The Nevada Wolf Pack men's basketball team hasn't proved anything meaningful this season yet.

Yes, the Wolf Pack has a respectable 16-12 overall record and is 8-9 in the Mountain West. That's all well and good, fine and acceptable on an everybody-gets-a-juice-box-and-a-trophy-after-the-season sort of way. Four games over .500, to be sure, is certainly no reason to start firing anyone.

But we all expected more. We know the Wolf Pack expected more, or so they said. This team, after all, is better than just fine and worthy of simply a juice box and a plastic trophy, whether they know it or not. So, yes, something needs to change. If you are Nevada, you don't have to pay a head coach a million dollars a year and keep pestering your fragile fan base non-stop for NIL dollars to give pampered players if all you are doing this for is a juice box and a plastic trophy.

The cold, hard truth is that the Wolf Pack right now is just a team that takes candy away from babies.
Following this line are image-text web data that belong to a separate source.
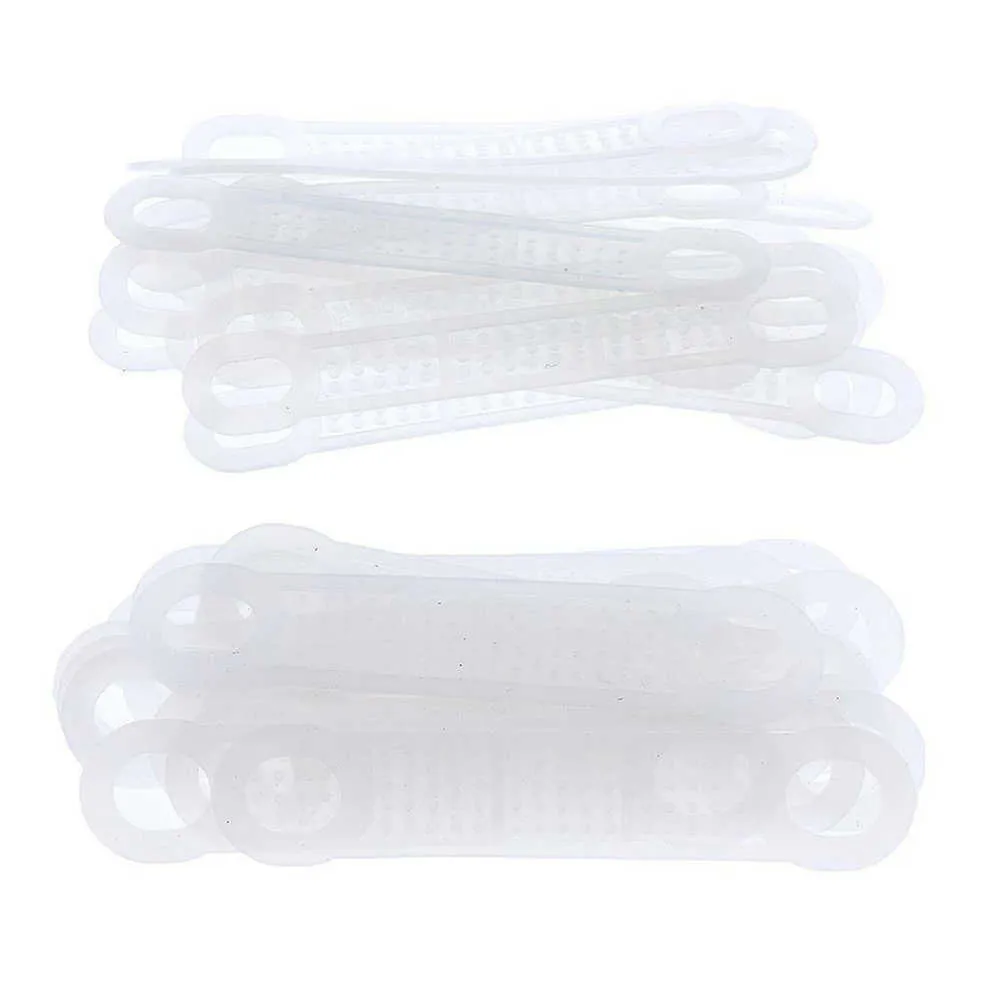 100Pcs Silicone Clothes Hanger Grips Anti-Slip Clothes Hanger Non Slip Strip For Men Women Clothes Accessories 210724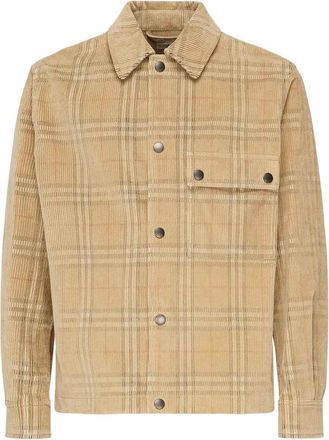 Burberry Giacca-camicia a coste - Marrone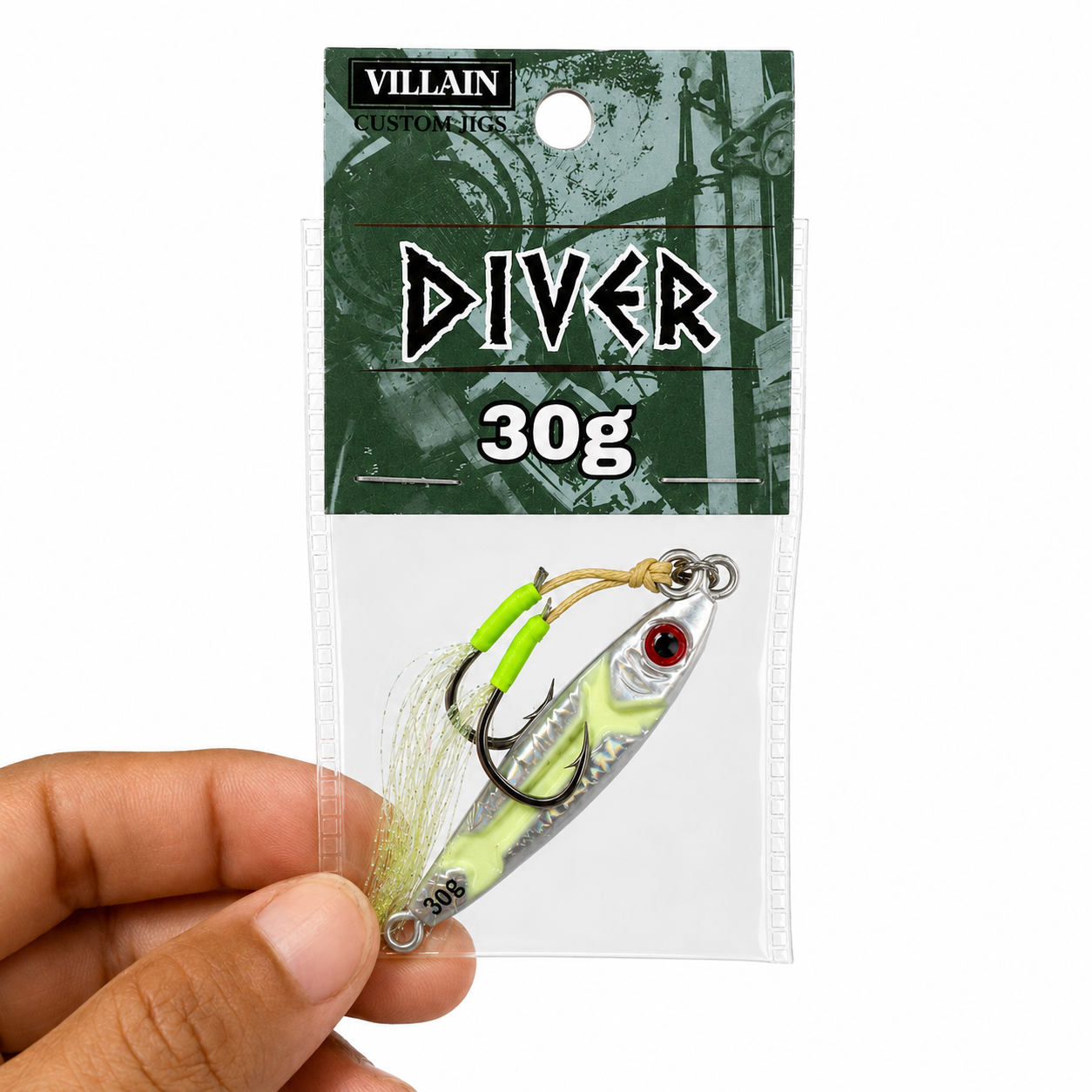 30g Diving Metal Jig Fishing Lure – Assist Hook Slow Jig Bait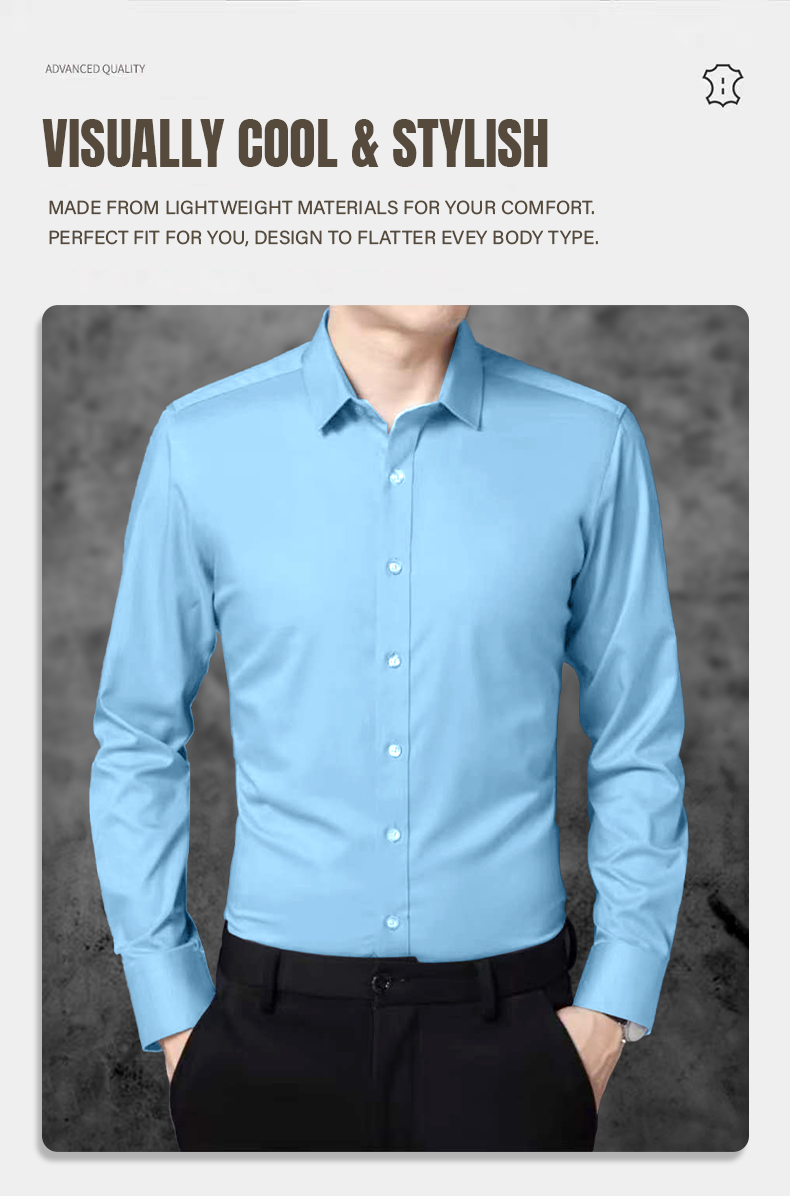TATA High Quality Long Sleeve Purple Polo for Men Button-down Collared ...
It bullies the weak, the young, the unfortunate. It's an aging lion that only eats three-legged, wounded antelopes and baby giraffes.  And that's fine. That's what you are supposed to do in the college basketball jungle. The strength of the pack is the wolf, and the strength of the wolf is the pack, right?

Well, when the Pack has met up with a bully in the Mountain West this year, it has quickly walked to the other side of the street, turned its head away and has not dared to make eye contact.

Don't believe it? Well, the Pack's 8-9 Mountain West record tells a very distinct story. The Wolf Pack is 0-8 against the top five teams in the conference (New Mexico, Utah State, Colorado State, San Diego State, Boise State) and 8-1 against the bottom five (UNLV, San Jose State, Wyoming, Fresno State, Air Force).

It's time the Wolf Pack starts standing up to the Mountain West bullies. It's time the Pack toughens up, stops merely talking about the law of the jungle and goes out in the wild and puts it into practice. After stealing another baby's candy on Friday at UNLV one more time, the Pack will wrap up the regular season in a pair of eat-or-be-eaten statement games against two bullies. New Mexico comes to Lawlor Events Center March 4 and the Pack goes to San Diego State March 8 for its final tune-up before the Mountain West tournament in Las Vegas, March 12-15.

Will the Wolf Pack tiptoe into the tournament trying not to make eye contact with the bullies? Or will it strut into Las Vegas with some Mountain West bully blood dripping from its teeth?

•••

Make no mistake, the Pack has some bully blood running through its veins, whether it knows it or not.

The Pack has one of the best one-two punches on the court in the Mountain West in Nick Davidson and Kobe Sanders and also on its bench in coaches Steve Alford and Craig Neal. Does that sound like a sixth- or seventh-place team in the Mountain West?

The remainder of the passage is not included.